Scan the records that follow, and whenever a line has the word "Mercedes", copy it.
----- Records -----
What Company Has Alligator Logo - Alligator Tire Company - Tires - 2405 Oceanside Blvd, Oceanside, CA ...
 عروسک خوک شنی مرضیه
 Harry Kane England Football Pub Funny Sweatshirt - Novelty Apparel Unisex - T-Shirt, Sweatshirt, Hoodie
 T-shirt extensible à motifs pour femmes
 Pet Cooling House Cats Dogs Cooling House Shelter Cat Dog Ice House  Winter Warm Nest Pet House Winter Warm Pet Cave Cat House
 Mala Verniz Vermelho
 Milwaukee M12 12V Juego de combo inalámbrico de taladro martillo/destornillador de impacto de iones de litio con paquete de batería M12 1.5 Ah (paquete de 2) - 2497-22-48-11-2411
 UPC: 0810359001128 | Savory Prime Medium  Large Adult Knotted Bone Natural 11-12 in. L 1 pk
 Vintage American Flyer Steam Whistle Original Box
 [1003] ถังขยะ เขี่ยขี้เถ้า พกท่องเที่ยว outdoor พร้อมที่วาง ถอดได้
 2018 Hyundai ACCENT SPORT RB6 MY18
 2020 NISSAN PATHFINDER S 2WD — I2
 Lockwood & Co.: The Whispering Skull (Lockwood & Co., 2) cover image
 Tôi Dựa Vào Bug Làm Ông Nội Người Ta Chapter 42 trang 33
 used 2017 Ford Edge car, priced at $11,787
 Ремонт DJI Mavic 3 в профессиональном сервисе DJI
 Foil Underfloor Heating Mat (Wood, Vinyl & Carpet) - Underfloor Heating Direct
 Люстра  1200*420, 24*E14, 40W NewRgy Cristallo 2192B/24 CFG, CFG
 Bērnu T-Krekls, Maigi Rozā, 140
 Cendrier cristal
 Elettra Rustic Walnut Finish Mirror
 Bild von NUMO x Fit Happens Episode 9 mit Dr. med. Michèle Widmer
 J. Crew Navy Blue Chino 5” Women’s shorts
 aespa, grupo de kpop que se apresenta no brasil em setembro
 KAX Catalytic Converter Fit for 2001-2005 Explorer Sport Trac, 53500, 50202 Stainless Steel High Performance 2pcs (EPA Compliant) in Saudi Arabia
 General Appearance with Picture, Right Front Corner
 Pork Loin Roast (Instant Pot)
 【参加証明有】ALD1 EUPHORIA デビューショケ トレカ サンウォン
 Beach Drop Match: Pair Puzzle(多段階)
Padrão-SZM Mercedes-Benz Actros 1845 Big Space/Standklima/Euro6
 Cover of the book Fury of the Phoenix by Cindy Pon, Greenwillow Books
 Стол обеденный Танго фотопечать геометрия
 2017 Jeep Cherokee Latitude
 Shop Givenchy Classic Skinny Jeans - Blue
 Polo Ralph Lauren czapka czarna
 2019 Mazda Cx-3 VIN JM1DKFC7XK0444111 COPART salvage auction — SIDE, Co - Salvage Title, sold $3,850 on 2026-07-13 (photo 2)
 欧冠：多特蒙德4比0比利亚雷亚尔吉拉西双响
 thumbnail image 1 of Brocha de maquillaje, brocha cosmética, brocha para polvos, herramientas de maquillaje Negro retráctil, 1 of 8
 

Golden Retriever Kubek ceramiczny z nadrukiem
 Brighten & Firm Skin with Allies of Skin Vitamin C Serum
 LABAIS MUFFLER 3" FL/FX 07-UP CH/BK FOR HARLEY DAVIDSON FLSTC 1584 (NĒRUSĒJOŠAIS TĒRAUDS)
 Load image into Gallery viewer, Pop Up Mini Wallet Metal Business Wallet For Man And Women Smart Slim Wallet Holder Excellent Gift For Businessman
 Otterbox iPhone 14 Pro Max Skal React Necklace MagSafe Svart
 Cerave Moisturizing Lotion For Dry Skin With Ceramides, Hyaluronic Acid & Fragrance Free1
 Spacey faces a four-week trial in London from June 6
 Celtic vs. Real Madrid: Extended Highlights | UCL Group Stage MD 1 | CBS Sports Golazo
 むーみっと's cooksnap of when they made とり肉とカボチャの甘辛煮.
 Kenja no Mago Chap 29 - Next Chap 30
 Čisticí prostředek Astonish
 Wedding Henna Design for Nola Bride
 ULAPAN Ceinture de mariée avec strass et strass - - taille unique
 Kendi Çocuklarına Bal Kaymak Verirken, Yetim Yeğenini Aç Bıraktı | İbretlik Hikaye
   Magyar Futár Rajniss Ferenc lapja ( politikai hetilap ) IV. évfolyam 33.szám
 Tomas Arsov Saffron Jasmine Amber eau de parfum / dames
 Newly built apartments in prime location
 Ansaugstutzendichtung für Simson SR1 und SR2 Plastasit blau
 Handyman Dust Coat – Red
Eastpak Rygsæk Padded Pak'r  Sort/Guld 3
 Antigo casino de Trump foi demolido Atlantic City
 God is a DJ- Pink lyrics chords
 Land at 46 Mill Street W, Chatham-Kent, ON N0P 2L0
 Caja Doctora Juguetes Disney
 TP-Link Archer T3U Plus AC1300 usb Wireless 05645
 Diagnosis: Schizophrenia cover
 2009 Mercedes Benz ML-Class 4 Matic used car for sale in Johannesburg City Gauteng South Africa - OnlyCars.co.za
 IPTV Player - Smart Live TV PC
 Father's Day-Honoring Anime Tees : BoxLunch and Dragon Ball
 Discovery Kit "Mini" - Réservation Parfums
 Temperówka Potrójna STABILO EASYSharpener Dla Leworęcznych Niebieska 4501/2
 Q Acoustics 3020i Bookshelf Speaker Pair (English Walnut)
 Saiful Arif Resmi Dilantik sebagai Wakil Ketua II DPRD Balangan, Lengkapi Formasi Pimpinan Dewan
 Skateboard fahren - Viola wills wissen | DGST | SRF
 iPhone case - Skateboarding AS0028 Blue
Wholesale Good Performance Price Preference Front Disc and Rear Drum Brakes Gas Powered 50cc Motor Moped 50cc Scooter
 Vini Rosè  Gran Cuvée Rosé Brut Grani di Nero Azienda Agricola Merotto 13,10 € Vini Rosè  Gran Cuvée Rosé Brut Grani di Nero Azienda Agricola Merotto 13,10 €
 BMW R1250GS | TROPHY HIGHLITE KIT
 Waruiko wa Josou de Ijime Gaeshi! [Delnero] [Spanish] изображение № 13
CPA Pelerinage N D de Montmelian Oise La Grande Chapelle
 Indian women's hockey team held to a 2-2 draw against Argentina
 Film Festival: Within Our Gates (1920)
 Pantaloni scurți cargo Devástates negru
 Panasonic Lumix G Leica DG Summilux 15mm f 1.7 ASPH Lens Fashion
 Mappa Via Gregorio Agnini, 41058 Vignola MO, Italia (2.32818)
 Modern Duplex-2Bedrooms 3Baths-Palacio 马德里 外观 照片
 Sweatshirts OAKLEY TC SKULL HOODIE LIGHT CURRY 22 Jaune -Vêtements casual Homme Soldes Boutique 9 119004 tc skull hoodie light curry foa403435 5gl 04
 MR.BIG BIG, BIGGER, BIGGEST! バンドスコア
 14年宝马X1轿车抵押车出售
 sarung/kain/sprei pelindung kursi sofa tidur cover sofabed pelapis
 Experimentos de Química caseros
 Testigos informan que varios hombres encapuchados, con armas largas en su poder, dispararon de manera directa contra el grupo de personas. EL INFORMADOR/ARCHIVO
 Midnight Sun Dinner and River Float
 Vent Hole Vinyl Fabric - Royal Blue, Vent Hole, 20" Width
-----
> **Exercise solution**
Padrão-SZM Mercedes-Benz Actros 1845 Big Space/Standklima/Euro6
 2009 Mercedes Benz ML-Class 4 Matic used car for sale in Johannesburg City Gauteng South Africa - OnlyCars.co.za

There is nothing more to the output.